Don't count an old baby rattle out from your collection of good silver. Take good care of this silver chochke and you've got something of real value on your hands. When it comes to silver, Mathews says that the value depends on the item's weight to determine how much silver there is. So, while modern silver baby rattles are more of a memento, older ones that have been used may not have their value affected by ware and tare if their weight remains the same. Use these listings to get an idea of how much yours might be worth.

Full of holiday spirit, vintage ceramic trees are another golden egg. "There's a huge resurgence in ceramic trees, especially mid century, like 1950s 1960s, ceramic trees. Those have become highly collectible," says Mathews.

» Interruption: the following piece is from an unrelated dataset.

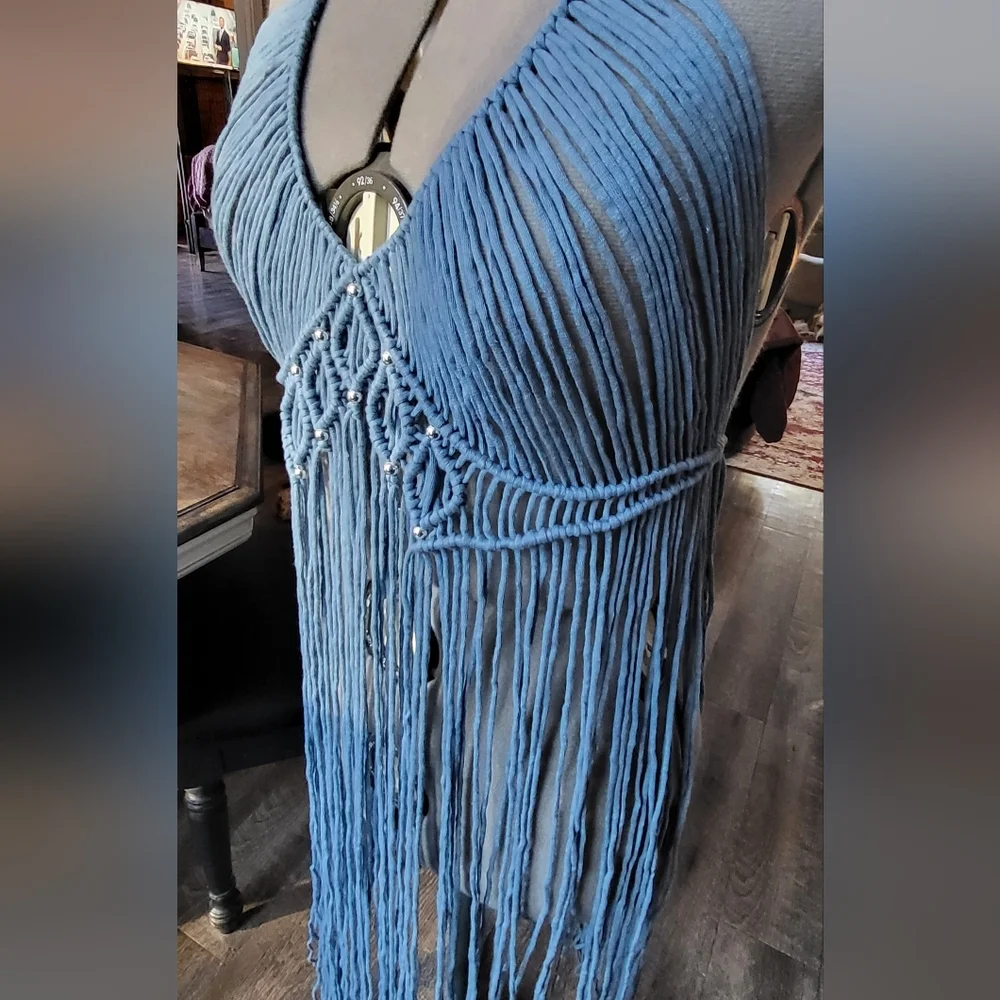 NEW Gorgeous steel blue macreme lace dress coverup size medium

These vintage ceramic trees on Chairish run for a wide range of prices, with the most expensive at well above $3,000. More antique holiday decor—not just from Christmas either—like ornaments and Easter egg trees might hold surprising value, as well.

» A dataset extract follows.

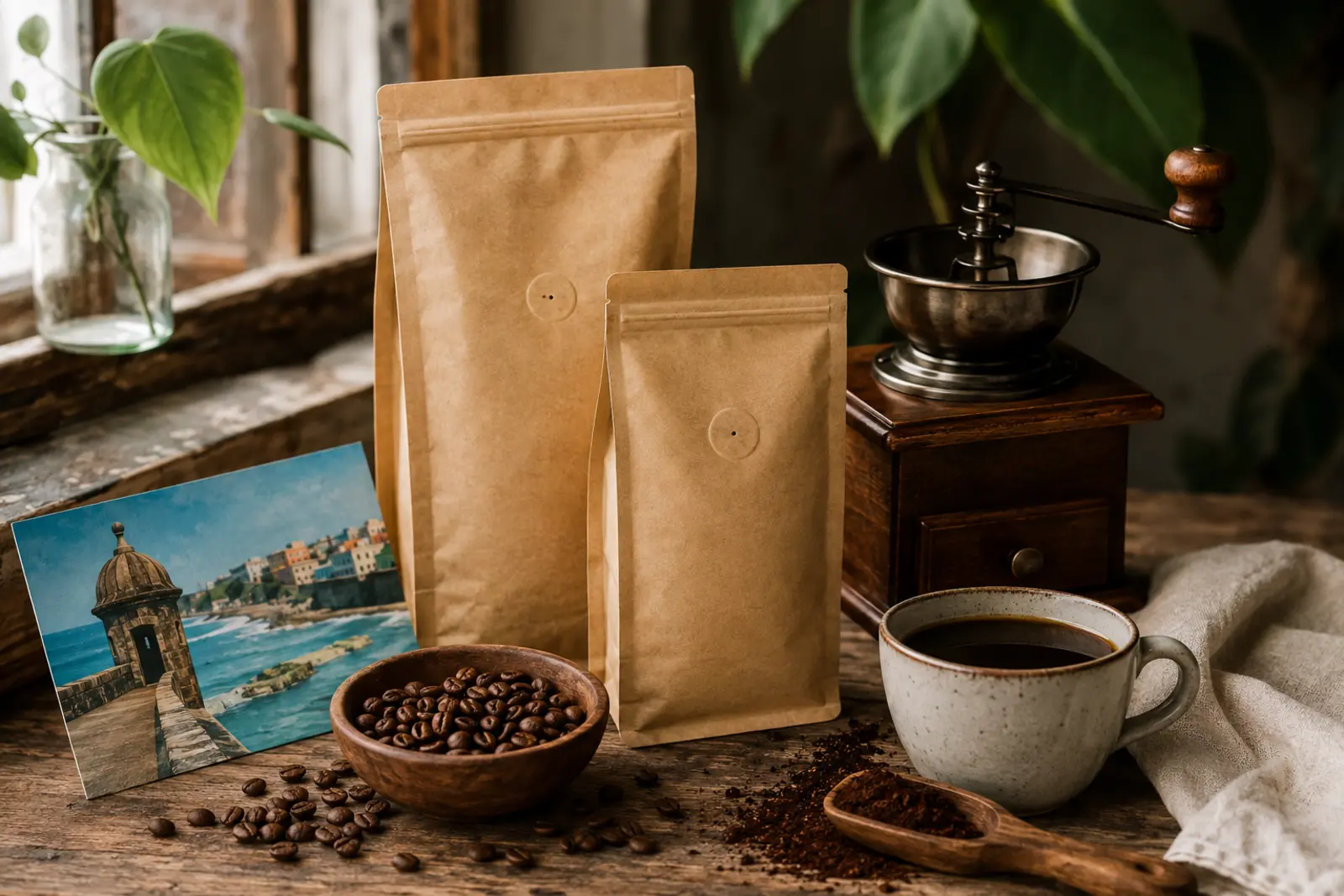 Puerto Rican coffee gift assembled with useful details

Cashing in on a neglected cast iron skillet will certainly bulk up your rainy day fund. Cast iron skillets just keep getting better with age and use, so it's no wonder that an old one is so desirable. Other cast iron kitchen ware and decor like tea pots and sculptures might be worth its weight too, says Mathews.

If you've ever been caught with your hand in Mama's vintage cookie jar, you're not alone. Many antique shoppers, like Mathews, want in on the cookie jar action, too. "Some of those sell for $200 probably on up to $500 based on how old they are and the condition they're in," she says.

Southern grandmothers can't seem to get enough of all things angels. Years later, their grandchildren will be thanking the heavens for it. These little figurines, like those by Precious Moments, once priced at $15, may now sell for hundreds of dollars. Currently on eBay, these figurines are being listed for as little as $10 and as much as $430.

Coastal dwellers in particular are well acquainted with this old school platter style. Nowadays, vintage ornate dishes with indents for oysters on the half shell don't run cheap. Hannah McCollough with Half Shell Antiques says that her antique oyster plates from the 1800s and early 1900s usually sell for $100 to $400, but some even surpass $1000.

The fun thing about these vintage pieces is that you can see your own reaction when you realize the value they could hold. Intricately framed antique mirrors can be worth a fortune.

Mathews says that one particular style, Louis Philippe mirrors are particularly desirable, especially when they have the original glass, with mercury speckles and all. A 4ft x 2ft Philippe can go for $1800 to $2500, Mathews says.

Vintage beaded handbags might be worth more money than they can carry—embroidered ones too. Your great aunt's extremely detailed little purse that she toted to church every Sunday is certainly worth a second glance. Some of the antique beaded purses sold by on Etsy are worth hundreds of dollars.

Just in case you needed a reminder to show your good chinoiserie some appreciation. Southerners cherish these things, so you know that someone out there would be willing to lay down the big bucks for a nice blue and white piece. In reference to 1stDibs' listings, a set of vases may multiply their value.

These boxes come in all shapes and sizes and somehow we love them all. If you were to bear to part with one, we promise you’d be paid handsomely. On 1stDibs, your antique box could be worth several hundred, or even thousands of dollars—whether it's decorated with an elegant motif or a kitschy one. Just make sure there's no misplaced miniature heirlooms tucked away in there first.

Vintage dolls are highly desirable in second hand circles. If you have any of these baby-faced beauties, or a vintage barbie or two, sitting at the bottom of a storage bin, you might be flushing a fair bit of funds right down the drain! According to TX Antique Mall, these dolls can be worth between $100 and $500, with limited editions selling for up to $20,000.

You may have forgotten about those Herends hiding in your home, but luckily we're here to remind you. We wouldn't want Mama's whimsical investment to go unappreciated. Listings for hundreds and thousands of dollars should do the trick.